I checked in the baby section of Kroger if they had baby pumpkin but could not find any. So I bought the can. The vet told me about not to get the pie filling. So if I understand right, I can freeze the rest of the can ?

Hopefully it will work for Sparkey too.


----------



## babygirlmom (Jul 3, 2007)

Well...I went to the store & bought a can of pumpkin (not the pie filling kind). I gave her about 1 tsp. full. About 1 hour & 30 min later...we had poop. So, I guess that remedied that. I am sure she is felling much better too! So glad to have found out about this. Saved me a big vet bill! Thanks all!


----------



## Maidto2Maltese (Oct 19, 2004)

I used to put 'glops' ( that's a word isn't it? LOL ) of pumpkin onto waxed paper lined cookie sheet and freeze. Once hardened, put the 'glops' into a zipper baggie.. then it is easy to get when wanted and rest stays Ok.

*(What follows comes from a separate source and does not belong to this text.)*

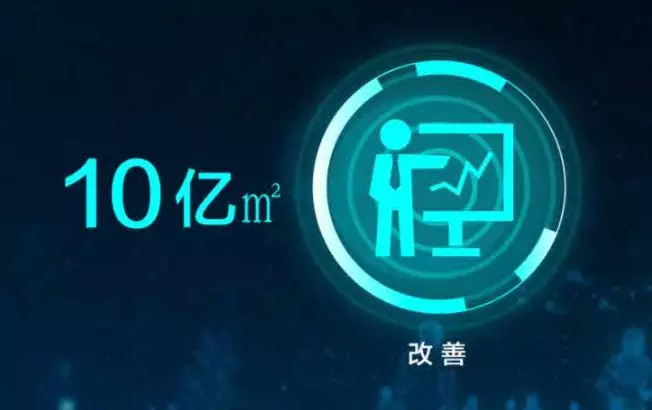 如果人口负增长，楼市还撑得住么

I even have mixed with nonfat plain yogurt for a 'pumpkin-mousse' treat... and frozen that too.


----------



## tamizami (May 1, 2007)

I mix a little saute'd in their food, especially if I'm feeding them something new. I also mix it with goats milk yogurt and they love it. Shiva is fussy and will smell it and turn her nose away. But if I put a little on her lips, she licks it and realizes its something she likes and then will finish it off.

Is is supposed to be cooked pumpkin or is raw (straight from the can) ok?


----------



## pico's parent (Apr 5, 2004)

While Pico and I were in Boca for Thanksgiving, he was not drinking enough water and was irregular until I realized why. I started wetting my finger and bringing a few drops to his tongue until he would drink from the bowl and I did this throughout the day and that made all the difference.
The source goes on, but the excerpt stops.